◆ The problem
Begin at the line containing "Foto 1 de Casa" in the records below, end at the line containing "Капсульный отель Kapselhotel", and retype each line in that span exactly. No other line and no image should appear.

◆ Records provided

#####

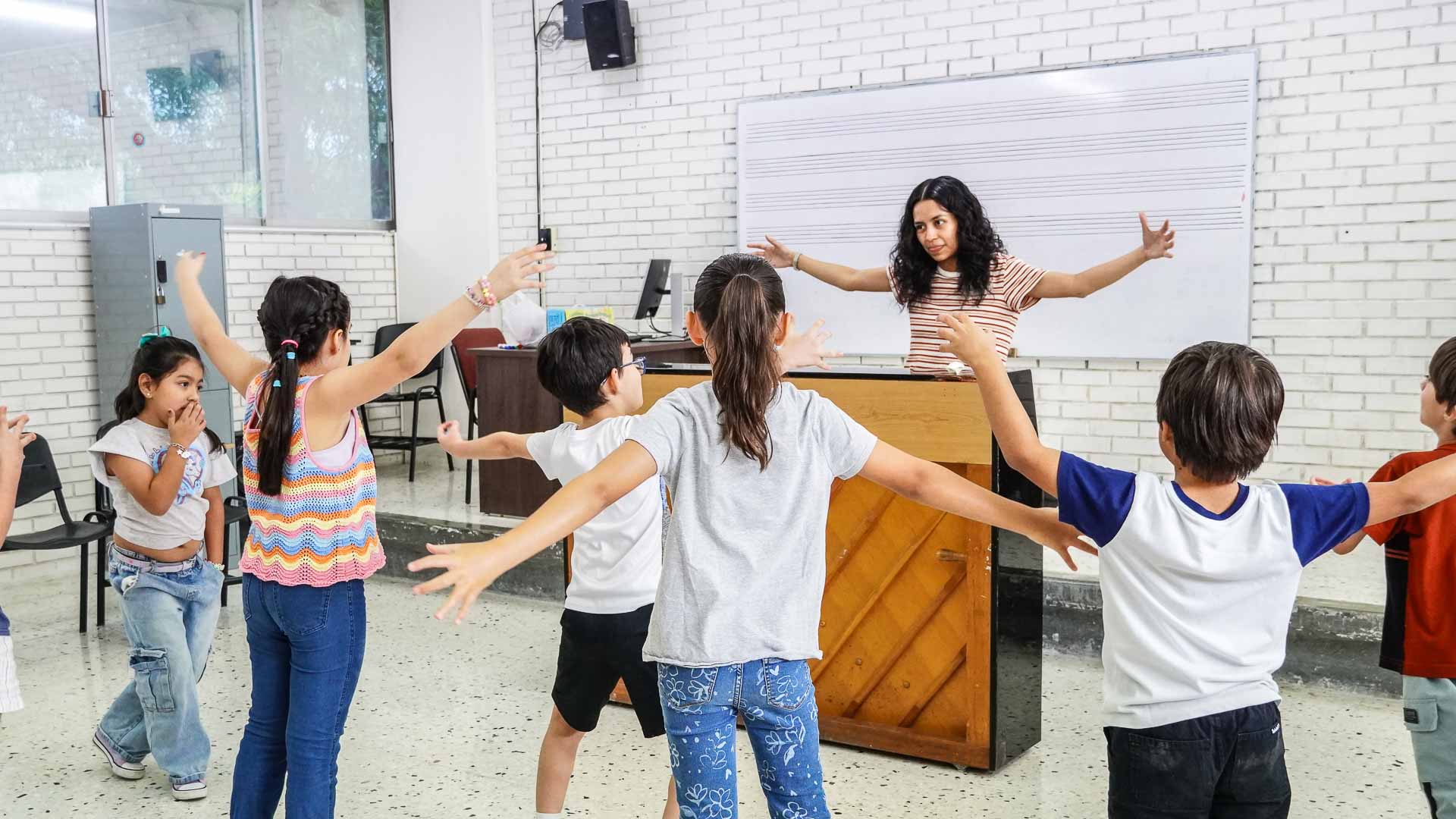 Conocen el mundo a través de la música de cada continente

#####

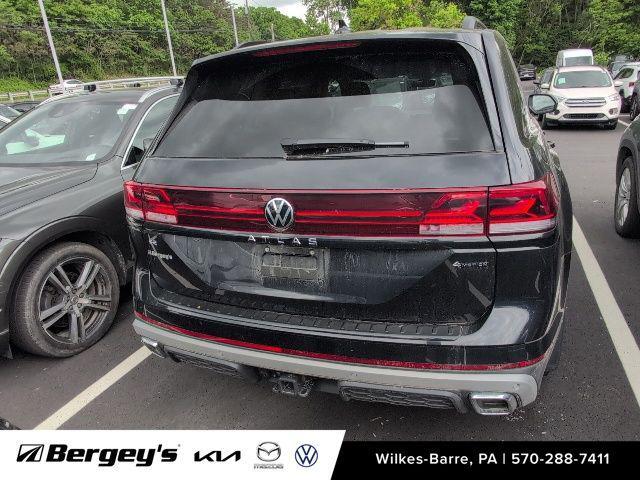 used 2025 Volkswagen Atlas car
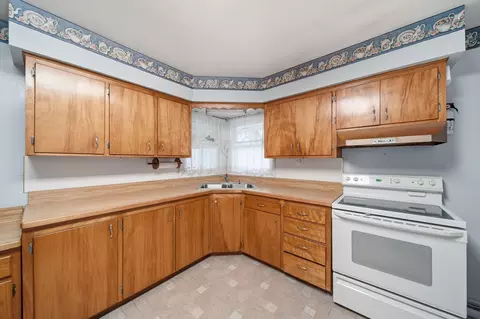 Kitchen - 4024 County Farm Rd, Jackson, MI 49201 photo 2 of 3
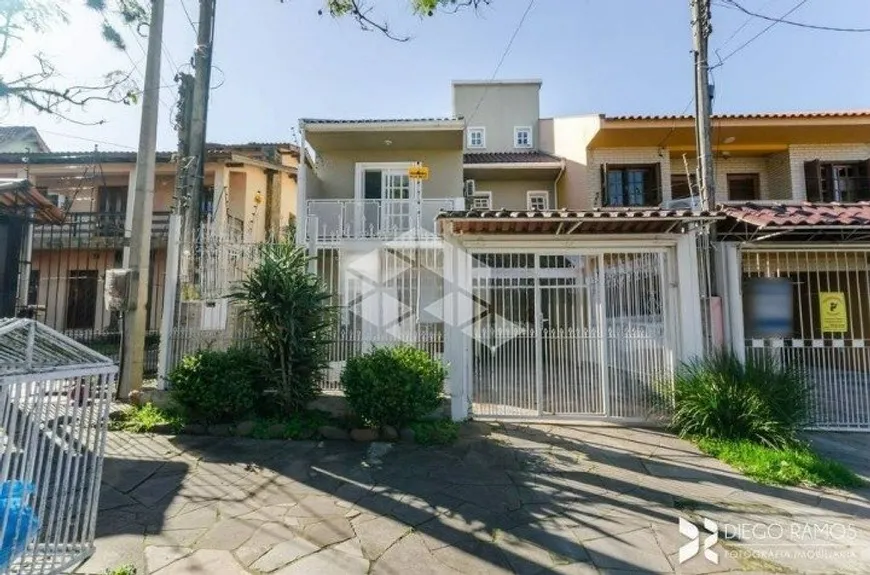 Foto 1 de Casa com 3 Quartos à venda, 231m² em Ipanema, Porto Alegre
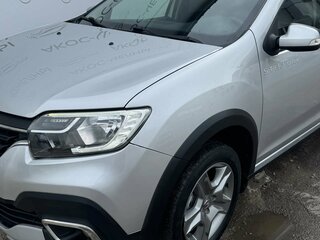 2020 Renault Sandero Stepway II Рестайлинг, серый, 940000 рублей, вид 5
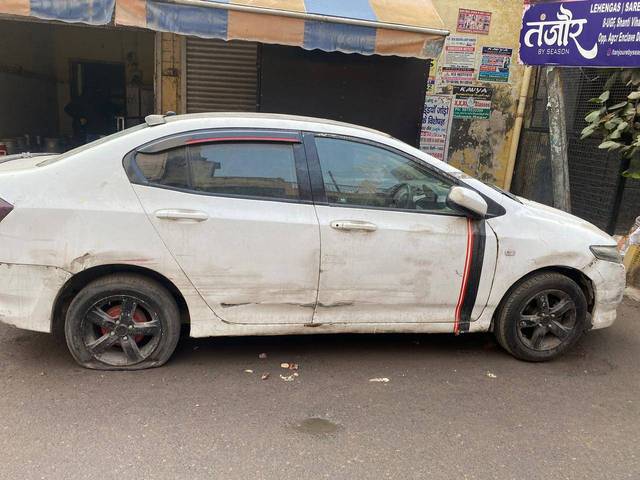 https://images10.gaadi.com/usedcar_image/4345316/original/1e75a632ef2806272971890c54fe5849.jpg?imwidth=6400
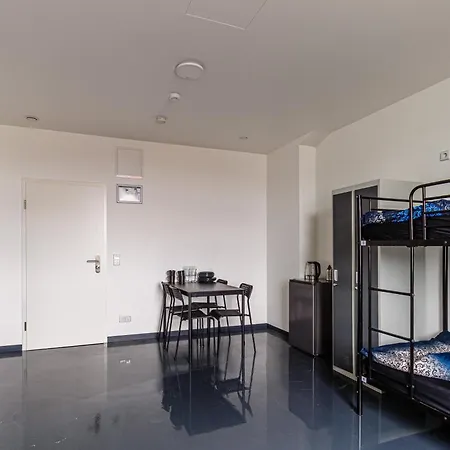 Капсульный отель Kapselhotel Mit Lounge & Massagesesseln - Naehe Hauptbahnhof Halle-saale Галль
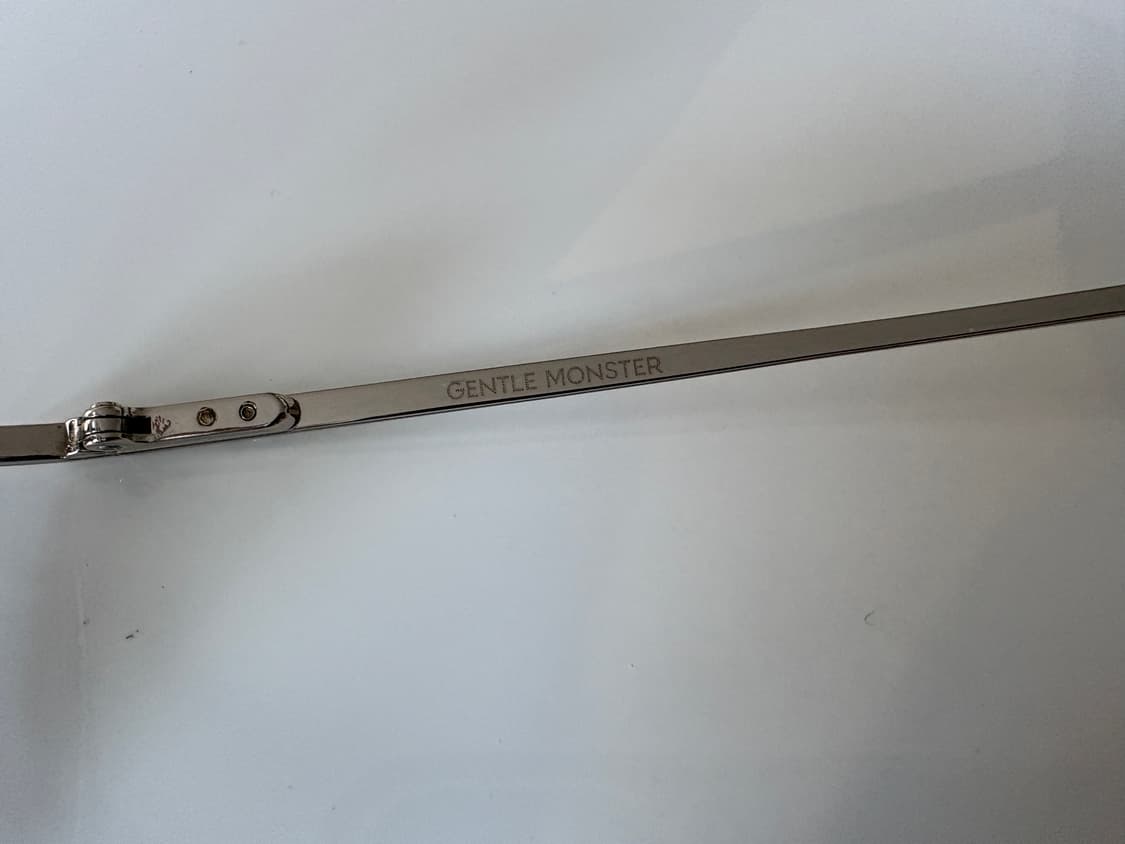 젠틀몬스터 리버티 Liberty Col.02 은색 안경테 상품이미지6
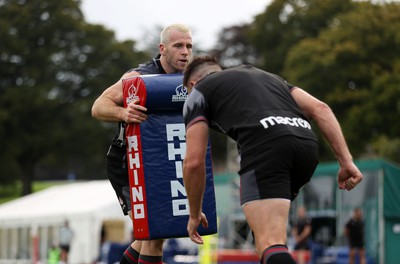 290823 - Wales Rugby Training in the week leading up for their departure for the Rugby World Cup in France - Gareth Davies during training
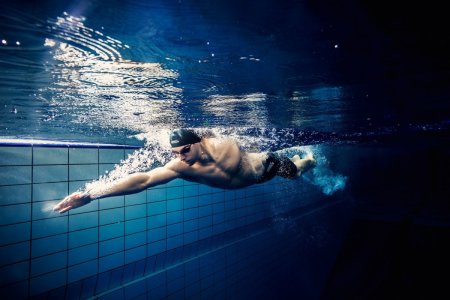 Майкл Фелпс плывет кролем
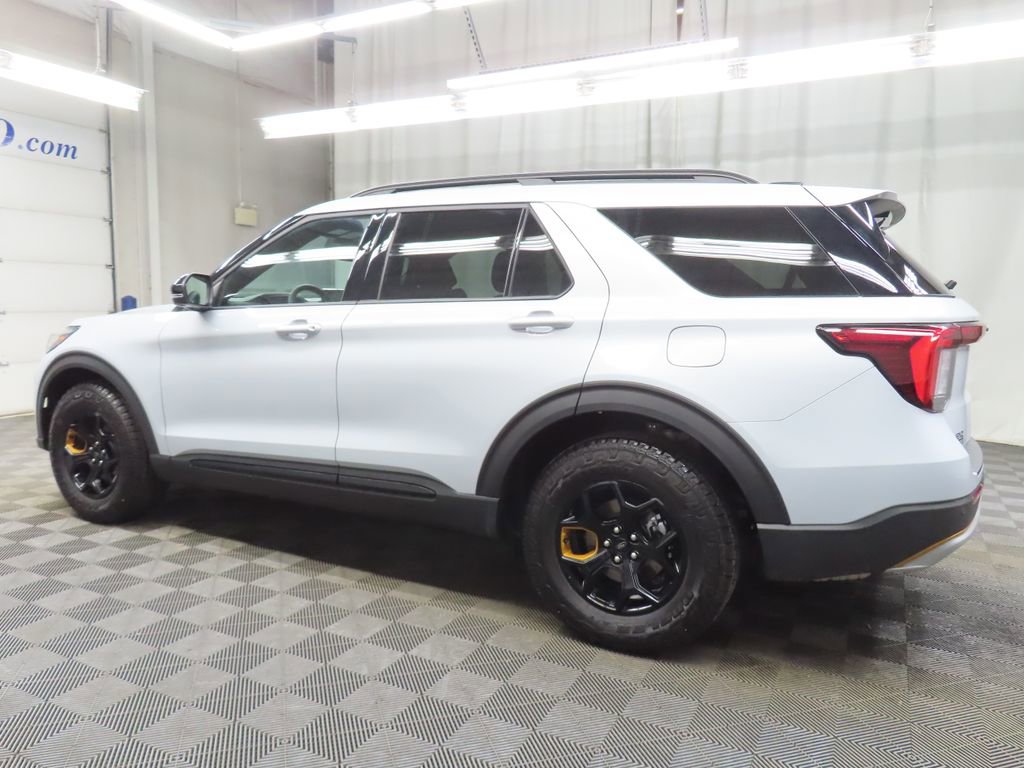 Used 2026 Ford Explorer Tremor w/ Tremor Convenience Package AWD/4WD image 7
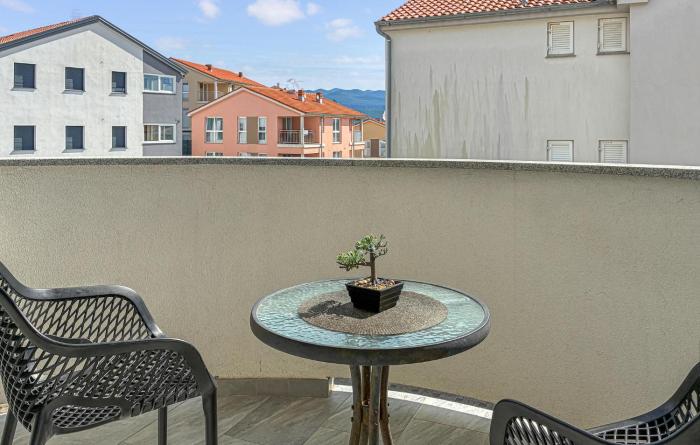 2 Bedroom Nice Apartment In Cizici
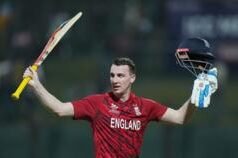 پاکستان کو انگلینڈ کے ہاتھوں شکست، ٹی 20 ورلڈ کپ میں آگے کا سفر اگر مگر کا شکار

#####

◆ Answer space
 Foto 1 de Casa com 3 Quartos à venda, 231m² em Ipanema, Porto Alegre
 2020 Renault Sandero Stepway II Рестайлинг, серый, 940000 рублей, вид 5
 https://images10.gaadi.com/usedcar_image/4345316/original/1e75a632ef2806272971890c54fe5849.jpg?imwidth=6400
 Капсульный отель Kapselhotel Mit Lounge & Massagesesseln - Naehe Hauptbahnhof Halle-saale Галль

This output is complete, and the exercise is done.